This post was written by Zach Krantz from WQAM in Miami. The summer of 2010 is the equivalent to the Powerball for the NBA. The free agent class is the biggest of all time. Lebron James, Chris Bosh, and Dwyane Wade headline the class and Pat Riley will have the deepest pockets to dive into when it all happens. Riley will have the money to sign his superstar Dwyane Wade back and put another superstar with him. The only problem with that is he needs to make sure that Wade doesn’t bolt out of town when the summer begins. Wade hasn’t signed an extension yet and wants to see what the team looks like before he signs.

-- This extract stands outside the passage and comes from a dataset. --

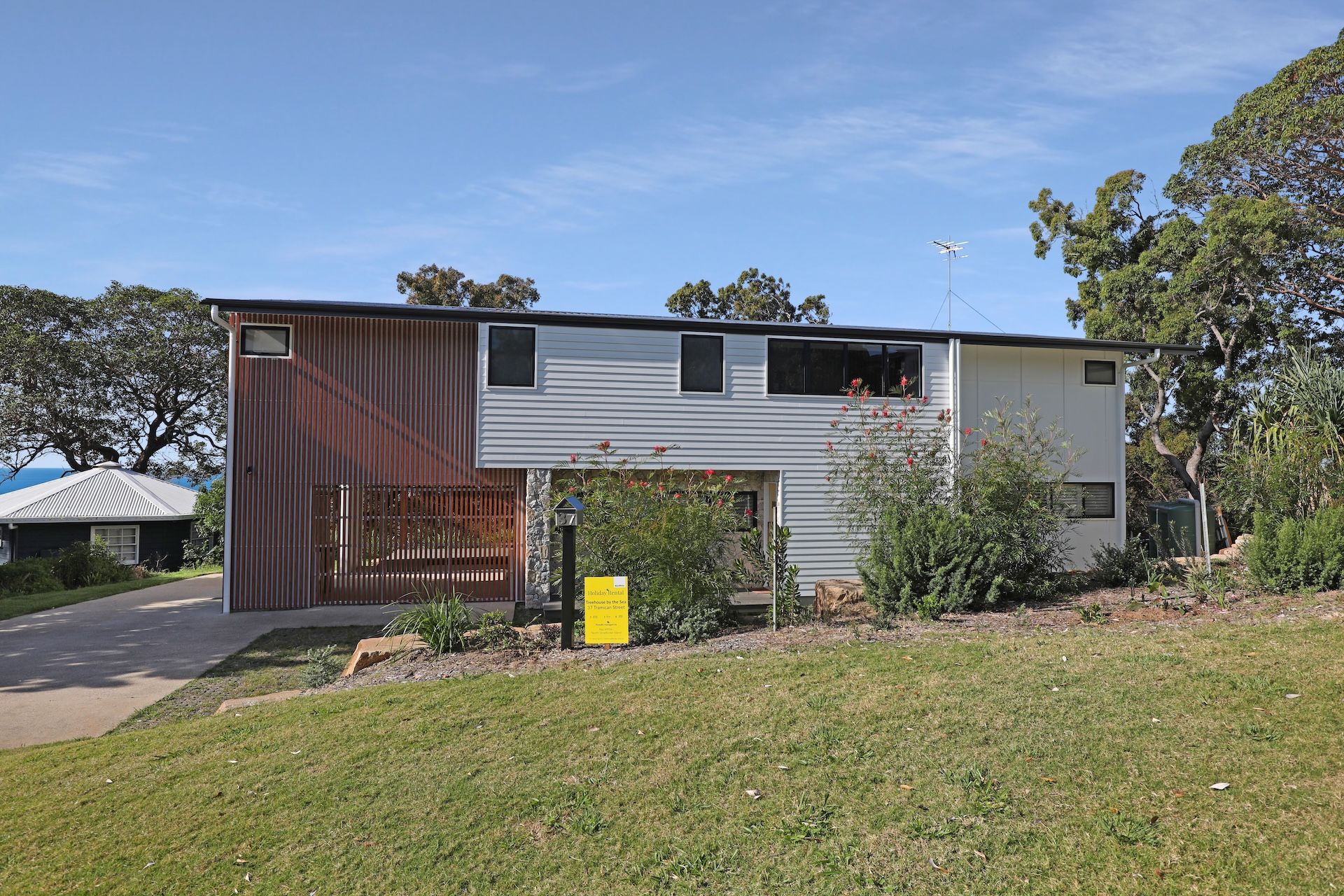 A modern two-story house with a flat roof, a fenced yard, and a clear sky.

Riley is put into a position where he needs to keep his superstar happy, but also make sure he has a big piggy bank when next year’s free agency happens. The big question is, can he do both? Keeping Wade happy means the team has to be competitive this year, and Riley didn’t go out and get any names to make the team noticeably better. Will the team stay competitive while other teams in the East got better and with that, will he be able to keep Wade here with the promise of bringing another superstar to this team next year?
Pat Riley joined ESPN 980 in DC with John Thompson and talked about the shift in power in the NBA from West to East, his second year Head Coach Erik Spoelstra, and his #2 pick in the 2008 draft Michael Beasley.
Talking about the shift of power from the West to the East in the last few years:
“I see three teams at the top and you have to start with Orlando because they went to the finals, then Cleveland and Boston. All three of those teams have over the last 2-3 years developed their rosters in a way that they have become very mature with their young players, but also added great veterans like Garnett, Shaq, players like that. Those three teams are at the very top with the Lakers. The other teams are in the process of putting together the pieces. Atlanta with Joe Smith and Jamal Crawford, you take a look at Washington bringing Randy Foye and Mike Miller in, to go with a team that was really injured last year, and they could be to me, one of the best teams in the Eastern conference.”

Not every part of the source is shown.